Go Back Email Link

Apple Whoopie Pies with Cookie Butter Filling

The fluffiest and most addictive cookie butter filling sandwiched between two soft and cakey apple-spiced cookies!
Prep Time 1 hour 15 minutes
Cook Time 13 minutes
Chilling Time 30 minutes
Total Time 1 hour 58 minutes
Servings 20 Whoopie Pies

Ingredients
  

Apple Cake Cookies:

  • ¼ cup hot water
  • 1 (.74 oz) packet Apple Cider mix*
  • 1 (15.25 oz) box spice cake mix
  • 1 (3.4 oz) box instant vanilla pudding mix
  • ½ cup applesauce
  • ¼ cup milk
  • 3 large eggs

Cookie Butter Filling:

  • 1 cup heavy cream
  • 4 ounces cream cheese
  • ¾ cup cookie butter
  • ¼ cup powdered sugar
  • 1 teaspoon vanilla

Instructions
 

Make the Apple Cake Cookies:

  • Preheat oven to 350°F; line 2 baking sheets with parchment paper. In a small bowl, stir together the hot water and cider mix until fully dissolved; set aside.
  • In a large bowl, stir together cake mix, pudding mix, applesauce, milk, and eggs until combined. Chill batter for at least 30 minutes.
  • Using two spoons or a small cookie scoop**, drop batter onto prepared baking sheets, about 2 inches apart. Bake 11-13 minutes, or until the tops of the cookies spring back when you touch them. Allow cookies to cool 5 minutes on the baking sheets before transferring them to a wire rack to cool completely.

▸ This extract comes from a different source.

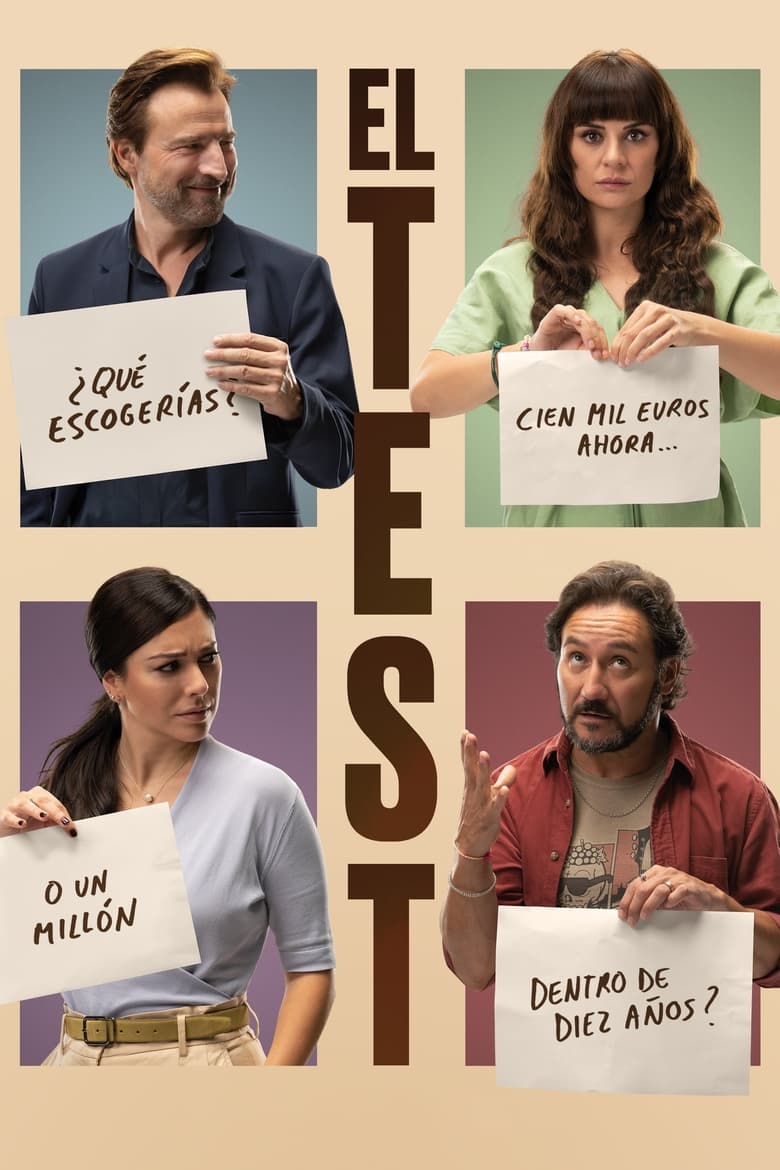 Poster of El test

Make the Cookie Butter Filling:

  • In a stand mixer fitted with the whisk attachment, beat the heavy cream until soft peaks form. Transfer whipped cream to a separate bowl, then return bowl to mixer. Switch to the paddle attachment.
  • To the bowl, add the cream cheese, cookie butter, powdered sugar, and vanilla. Beat on high until smooth. Add a third of the whipped cream to the bowl and continue beating until combined. Remove the bowl from the mixer and fold in the rest of the whipped cream.
  • Transfer filling to a pastry bag fitted with a large round tip, or a gallon size zip-top bag with the corner cut off.

To Assemble:

  • Pipe filling onto the bottom side of one cookie, then top with another unfrosted cookie, squishing them together slightly to form a sandwich. If not eating immediately, store whoopie pies in an airtight container in the refrigerator for up to one week.

Notes

*I used Alpine Spiced Original Apple Cider mix.
**My cookie scoop is 1 and 1/2 inches in diameter.